When a validator proposes a block, it includes a field randao_reveal which has BLSSignature type. This is the proposer's signature over the epoch number, using it's normal signing secret key.

The randao_reveal is computed by the proposer as follows, the privkey input being the validator's random secret key.

def get_epoch_signature(state: BeaconState, block: BeaconBlock, privkey: int) -> BLSSignature:
    domain = get_domain(state, DOMAIN_RANDAO, compute_epoch_at_slot(block.slot))
    signing_root = compute_signing_root(compute_epoch_at_slot(block.slot), domain)
    return bls.Sign(privkey, signing_root)

When a block is processed, the randao_reveal is mixed into the RANDAO like this:

def process_randao(state: BeaconState, body: BeaconBlockBody) -> None:
    epoch = get_current_epoch(state)
    # Verify RANDAO reveal
    proposer = state.validators[get_beacon_proposer_index(state)]
    signing_root = compute_signing_root(epoch, get_domain(state, DOMAIN_RANDAO))
    assert bls.Verify(proposer.pubkey, signing_root, body.randao_reveal)
    # Mix in RANDAO reveal
    mix = xor(get_randao_mix(state, epoch), hash(body.randao_reveal))
    state.randao_mixes[epoch % EPOCHS_PER_HISTORICAL_VECTOR] = mix

Two things are going on in the processing of the randao_reveal signature.

First, the signature is verified using the proposer's public key before being mixed in. This means that the proposer has almost no choice about what it contributes to the RANDAO: it either contributes a single verifiable value – the correct signature over the epoch number – or it withholds its block and contributes nothing. (Equivalently, a block with an incorrect reveal is invalid.)

Second, the hash of the signature is mixed in to the beacon state's RANDAO using xor. The combination of using the epoch number as the signed quantity and using xor to mix it in leads to a subtle, albeit tiny, improvement in attack-resistance of the RANDAO.

What's really happening when the RANDAO is shuffled. The signature over the epoch number is the RANDAO reveal that the proposer includes in its block. This is hashed then mixed in to the existing RANDAO with an xor operation.

Justin Drake explains in his notes:

Using xor in process_randao is (slightly) more secure than using hash. To illustrate why, imagine an attacker can grind randomness in the current epoch such that two of his validators are the last proposers, in a different order, in two resulting samplings of the next epochs. The commutativity of xor makes those two samplings equivalent, hence reducing the attacker's grinding opportunity for the next epoch versus hash (which is not commutative). The strict security improvement may simplify the derivation of RANDAO security formal lower bounds.
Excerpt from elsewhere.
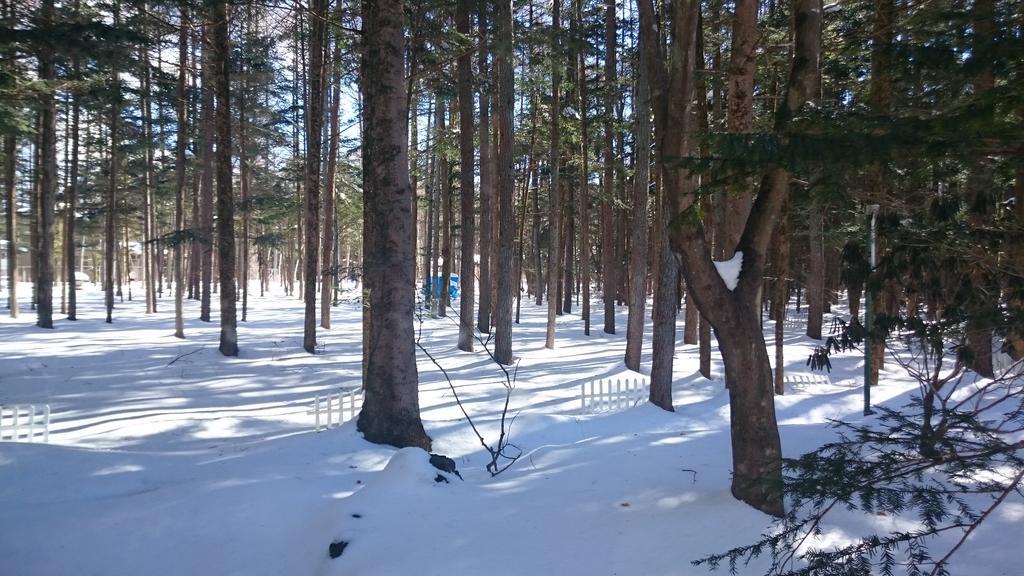 Pension Candytuft Karuizawa Luaran gambar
We will see shortly that it can be advantageous to an attacker to have control of the last slots of an epoch. Justin's point is that, under the current scheme, the attacker having validators $V_0, V_1$ in the two last slots of an epoch is equivalent to it having $V_1, V_0$ with respect to the randao_reveals. This fractionally reduces an attackers choices when it comes to influencing the RANDAO. If we used hash rather than xor, or if we signed over the slot number rather than the epoch number, these orderings would result in different outcomes from each other, giving an attacker more choice and therefore more power.

Lookahead

We started this section with a discussion of unpredictability. Ideally, it should not be possible to predict the duties for any block proposer or committee member until the moment they become active. However, in practice, proposers and committee members need a little advance notice of their duties to allow them to join the right p2p network subnets and do whatever other preparation they need to do.
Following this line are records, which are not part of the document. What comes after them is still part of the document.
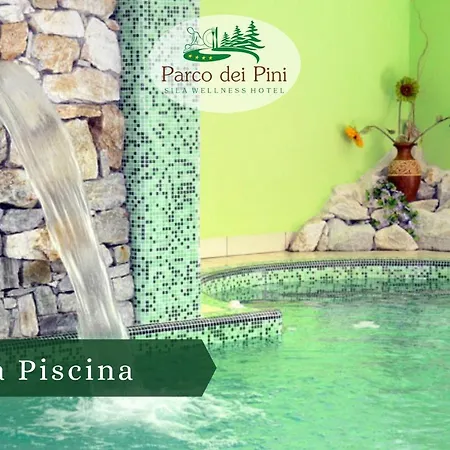 Parco Dei Pini - Sila Wellness 호텔 4*
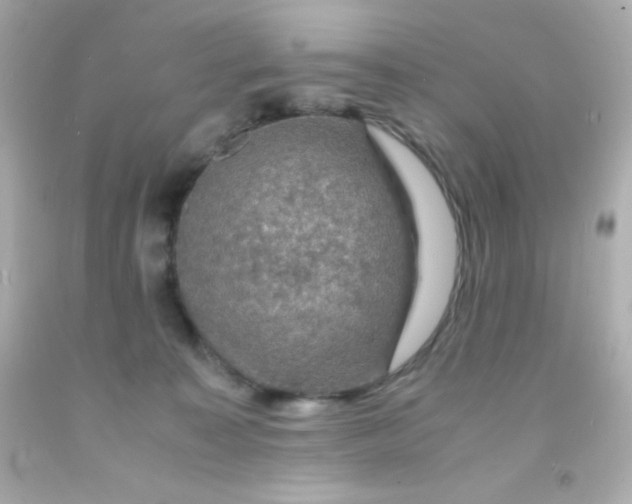 X0000091500323200709061927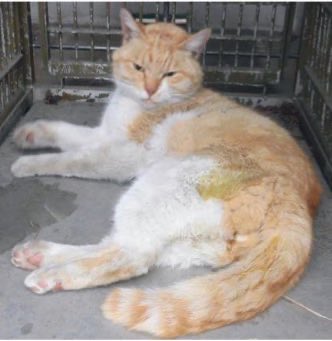 🆘緊急🆘#収容猫
🆘#傷病収容🚑#負傷猫🚨
公表期限3/25(水)
3/13(金)#茨城県 #結城市 #結城 
♀#茶白猫
📲茨城県動物指導センター🙇🏻‍♂️
#迷い猫 #迷子猫 #保護猫 #猫 #ネコ #ねこ #白茶猫 #茶トラ #トラ猫 #真岡市 #下野市 #小山市 #栃木県 #筑西市 #古河市 #東結城 #小田林 #健田須賀神社 #鹿窪運動公園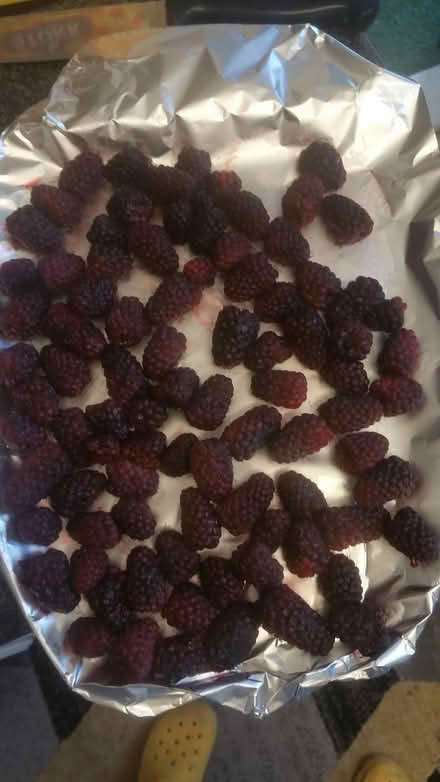 Photo of free Tayberry bush/cane (Parson cross S5) #4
The RANDAO seed at the end of epoch $N$ is used to compute validator duties for the whole of epoch $N+2$ . This interval is controlled by MIN_SEED_LOOKAHEAD via the get_seed() function. Thus validators have at least one full epoch to prepare themselves for any duties, but no more than two.

Under normal circumstances, then, an attacker is not able to predict the duty assignments more than two epochs in advance. However, if an attacker has a large proportion of the stake or is, for example, able to mount a DoS attack against block proposers for a while, then it might be possible for the attacker to predict the output of the RANDAO further ahead than MIN_SEED_LOOKAHEAD would normally allow. The attacker might then use this foreknowledge to strategically exit validators or make deposits⁶ in order to gain control of a committee, or a large number of block proposal slots.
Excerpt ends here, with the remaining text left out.